(Source records)
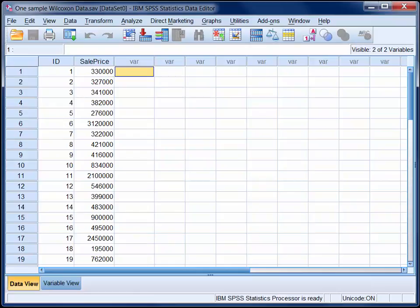So here we can see that there were many properties sold in Capital City in the range of 300 to 500,000, but then there were a small number that were sold for much higher amounts than that.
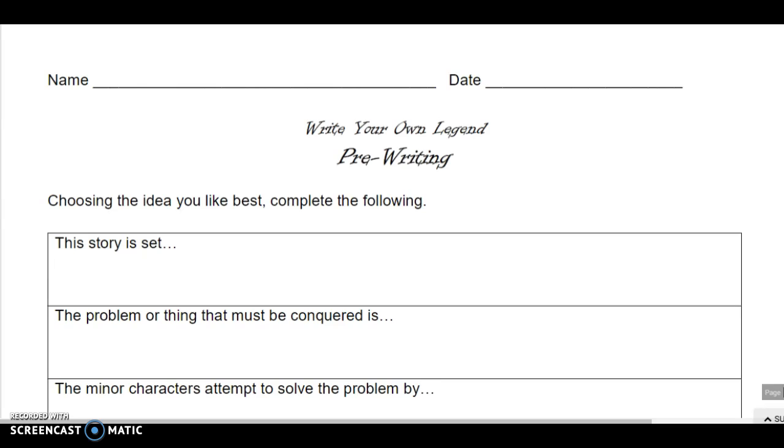When completing your pre-writing pages, you must have a clear idea of what it is that you're going to write about in your story and a direction in which you plan to move.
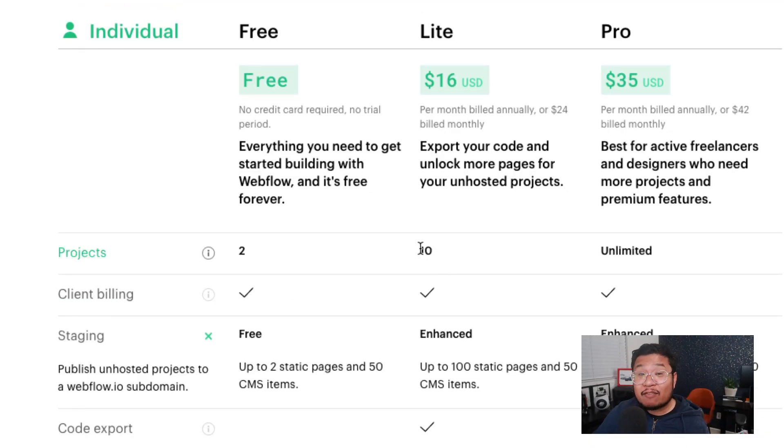When you add hosting to a project, not only does it go into the hosted bucket, but it also unlocks everything that comes with the site plan. For example, instead of just having two pages, you get up to a hundred. And if you add the CMS site plan to the hosted project, you get up to 2000 CMS items. Going back to the individual plans — the Light plan gives you up to 10 unhosted projects, and Pro gives you unlimited. You might be thinking: why should I ever upgrade, if I can just add a site plan to my site and get everything I need? Well, a lot of people do that.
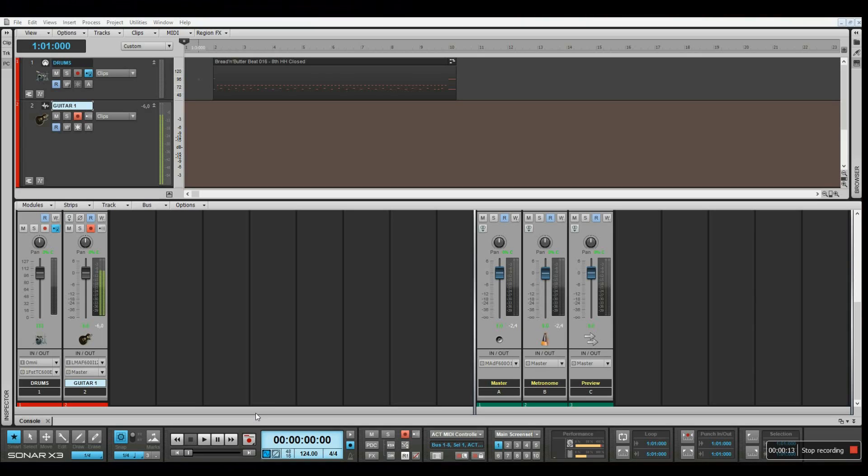Okay, everything seems to be fine. No distortion, no red lights on my audio interface, so now I'm ready to start recording. Just click on the record button, and there we go.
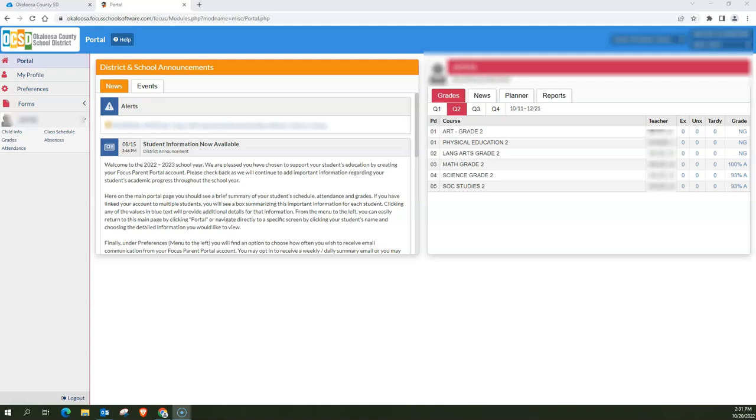Now here I am logged in to the parent portal as a parent and there is a student attached to my account.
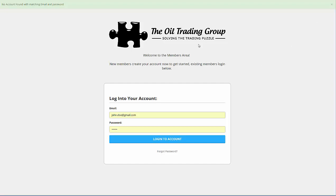This is what the login page is going to look like, and there is going to be a link to this login page on the newly designed OTG website. We'll be talking more about that in the coming days, as this will be integrated into the whole new web presence you'll be seeing from us. We've got our login information — our email and password — and we're going to log into the account here.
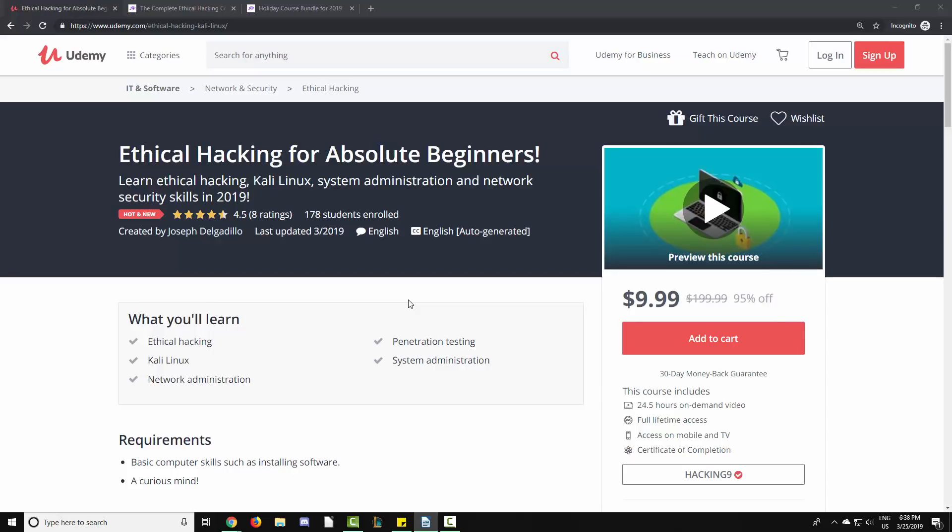Hello everyone and welcome to another video. I recently published a new ethical hacking course on Udemy that I think you will enjoy.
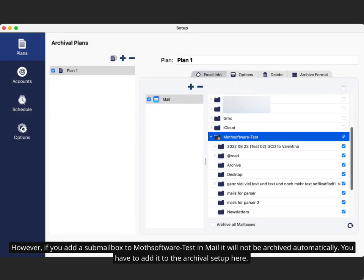However, if you add a sub-mailbox to Muthsoftware-Test in Mail, it will not be archived automatically. You have to add it to the archival setup here.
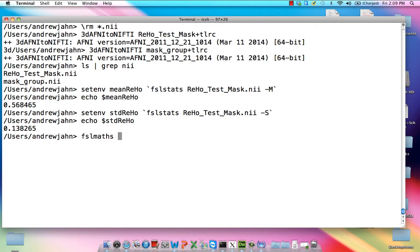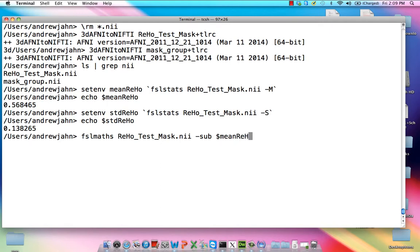Okay, we're going to input this RehoTestMask.NIFTI file. We're going to subtract the mean Reho variable and divide by sdReho. Oops, sdReho. Yes.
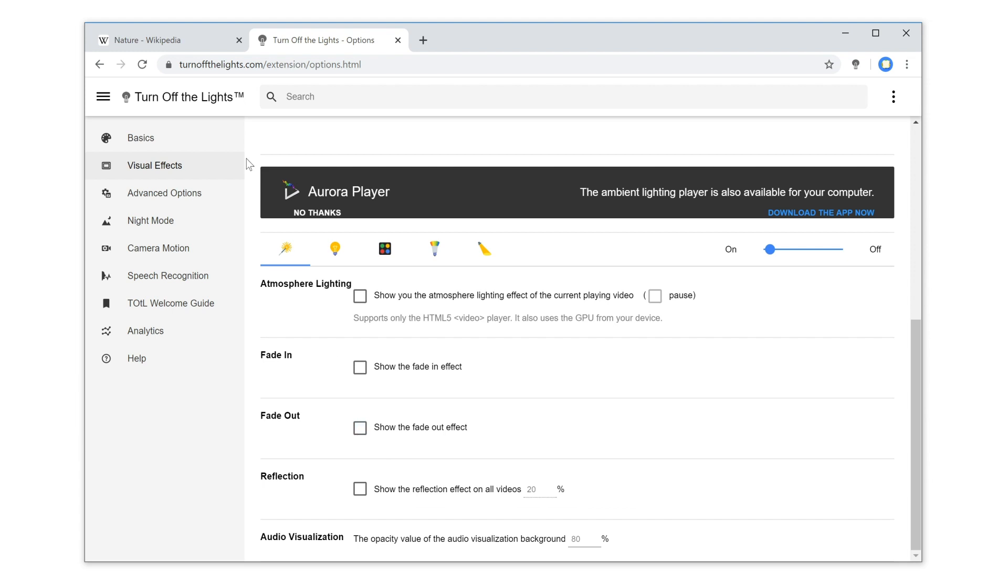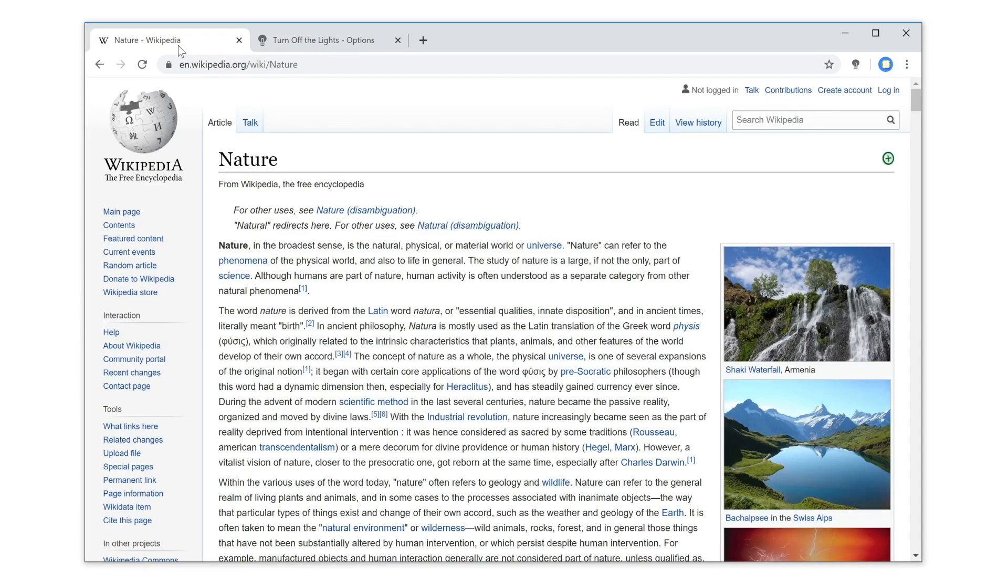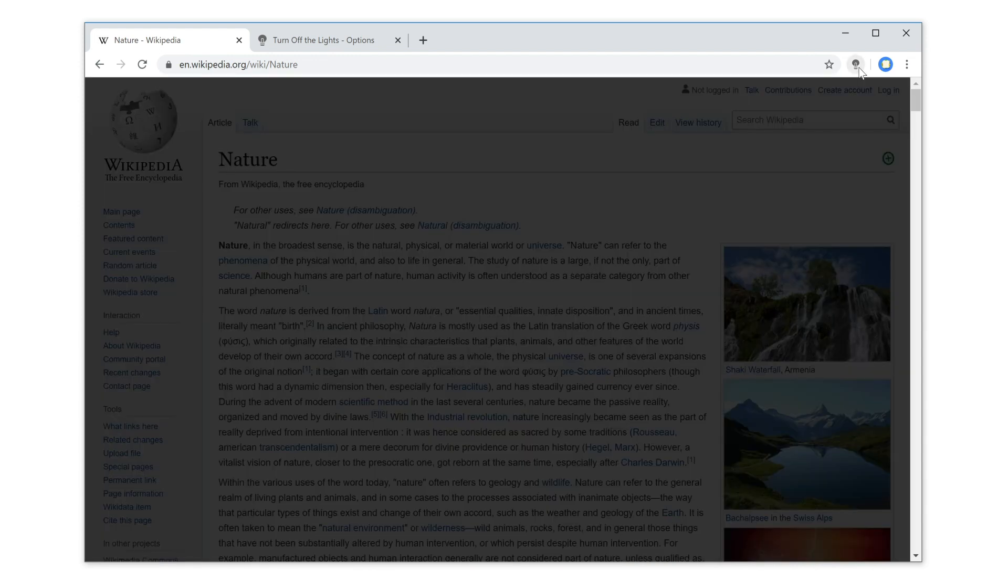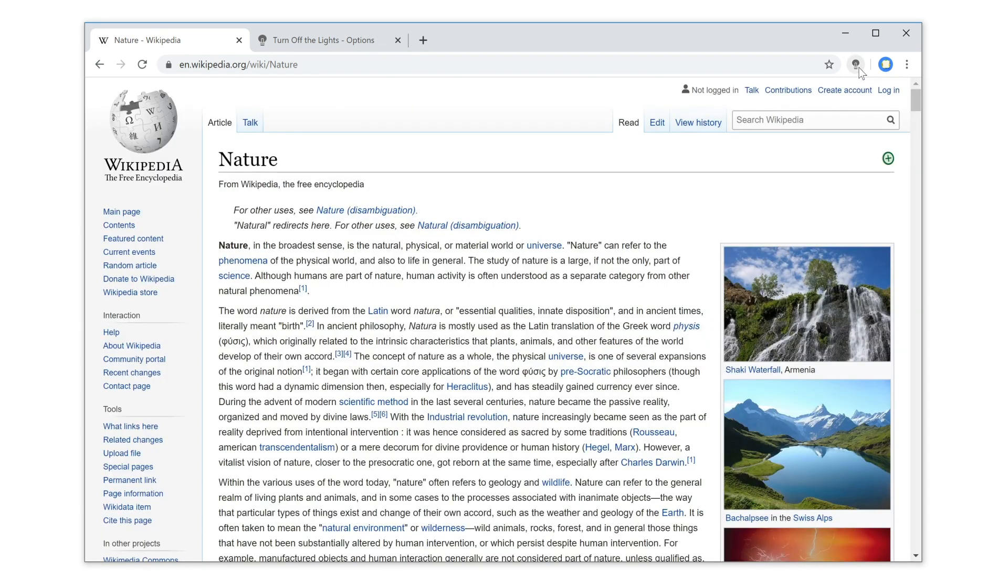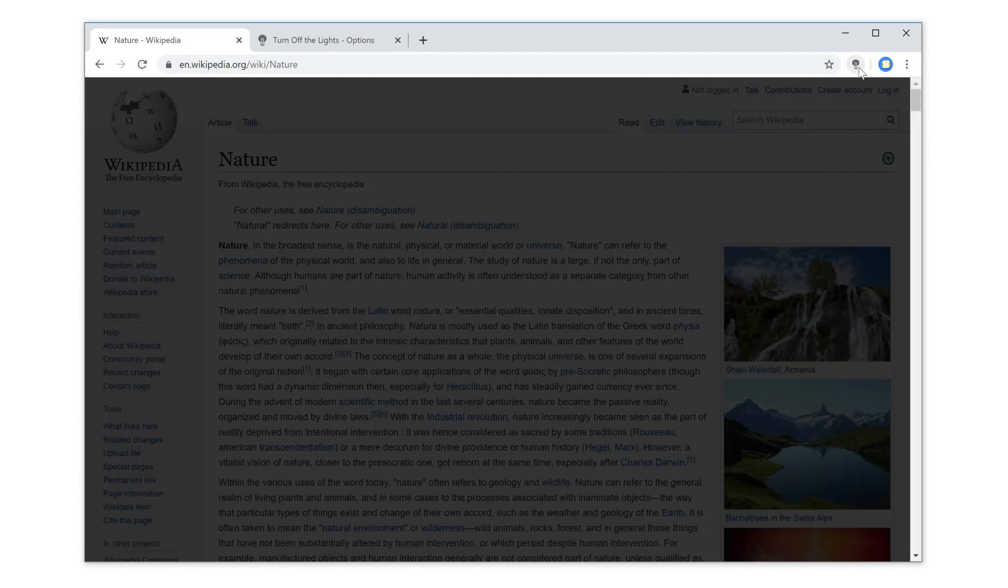And that is it. Now on Wikipedia, it instantly dims the web page, and click again on the gray lamp button. It instantly removes the black layer.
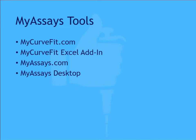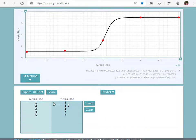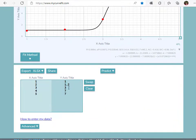By navigating to MyCurveFit.com, you can enter your data point X and Y values.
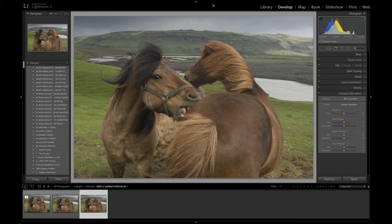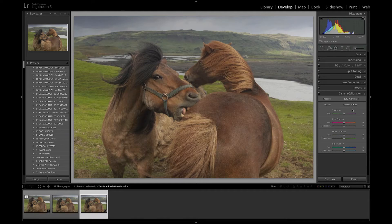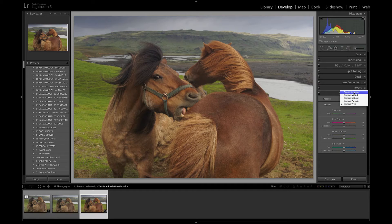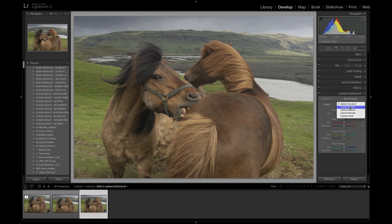One new addition with Lightroom 5.3 was that Olympus files now have camera profiles. Before it was only the Adobe standard profile, but now there are camera profiles to match some of the profiles that exist in the actual Olympus camera itself. These are from the EM5, and you can now see that we have camera muted, camera natural, camera portrait, and camera vivid. You can see that they are a massive, massive difference in colour over the Adobe standard. The irony of course is that the Adobe standard is actually very muted, even compared to the camera muted.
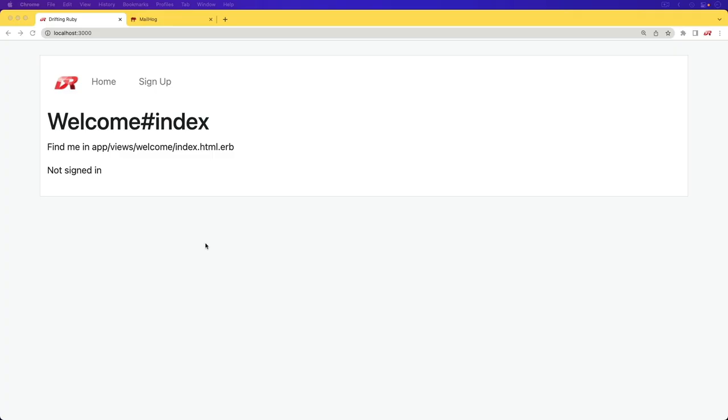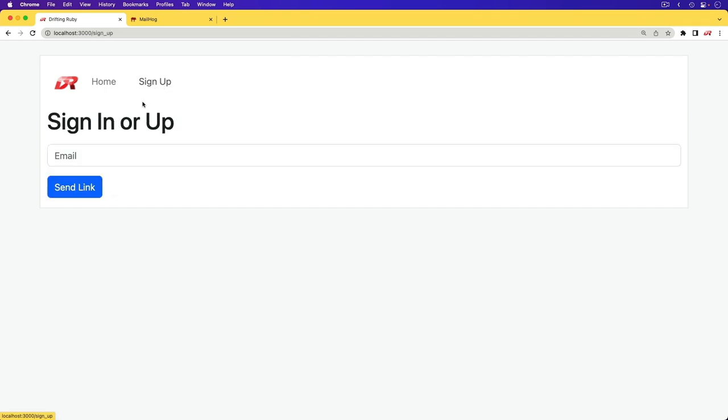In this episode, we're going to take a very simple Devise setup and we're going to turn it into a magic link authentication. So if we go to sign up, it's going to be the same thing as signing in or signing up.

= Exercise requirements =
Each of the entries above must be output exactly, with none of the pictures.

= Completed task =
So here we can see that there were many properties sold in Capital City in the range of 300 to 500,000, but then there were a small number that were sold for much higher amounts than that.
When completing your pre-writing pages, you must have a clear idea of what it is that you're going to write about in your story and a direction in which you plan to move.
When you add hosting to a project, not only does it go into the hosted bucket, but it also unlocks everything that comes with the site plan. For example, instead of just having two pages, you get up to a hundred. And if you add the CMS site plan to the hosted project, you get up to 2000 CMS items. Going back to the individual plans — the Light plan gives you up to 10 unhosted projects, and Pro gives you unlimited. You might be thinking: why should I ever upgrade, if I can just add a site plan to my site and get everything I need? Well, a lot of people do that.
Okay, everything seems to be fine. No distortion, no red lights on my audio interface, so now I'm ready to start recording. Just click on the record button, and there we go.
Now here I am logged in to the parent portal as a parent and there is a student attached to my account.
This is what the login page is going to look like, and there is going to be a link to this login page on the newly designed OTG website. We'll be talking more about that in the coming days, as this will be integrated into the whole new web presence you'll be seeing from us. We've got our login information — our email and password — and we're going to log into the account here.
Hello everyone and welcome to another video. I recently published a new ethical hacking course on Udemy that I think you will enjoy.
However, if you add a sub-mailbox to Muthsoftware-Test in Mail, it will not be archived automatically. You have to add it to the archival setup here.
Okay, we're going to input this RehoTestMask.NIFTI file. We're going to subtract the mean Reho variable and divide by sdReho. Oops, sdReho. Yes.
And that is it. Now on Wikipedia, it instantly dims the web page, and click again on the gray lamp button. It instantly removes the black layer.
By navigating to MyCurveFit.com, you can enter your data point X and Y values.
One new addition with Lightroom 5.3 was that Olympus files now have camera profiles. Before it was only the Adobe standard profile, but now there are camera profiles to match some of the profiles that exist in the actual Olympus camera itself. These are from the EM5, and you can now see that we have camera muted, camera natural, camera portrait, and camera vivid. You can see that they are a massive, massive difference in colour over the Adobe standard. The irony of course is that the Adobe standard is actually very muted, even compared to the camera muted.
In this episode, we're going to take a very simple Devise setup and we're going to turn it into a magic link authentication. So if we go to sign up, it's going to be the same thing as signing in or signing up.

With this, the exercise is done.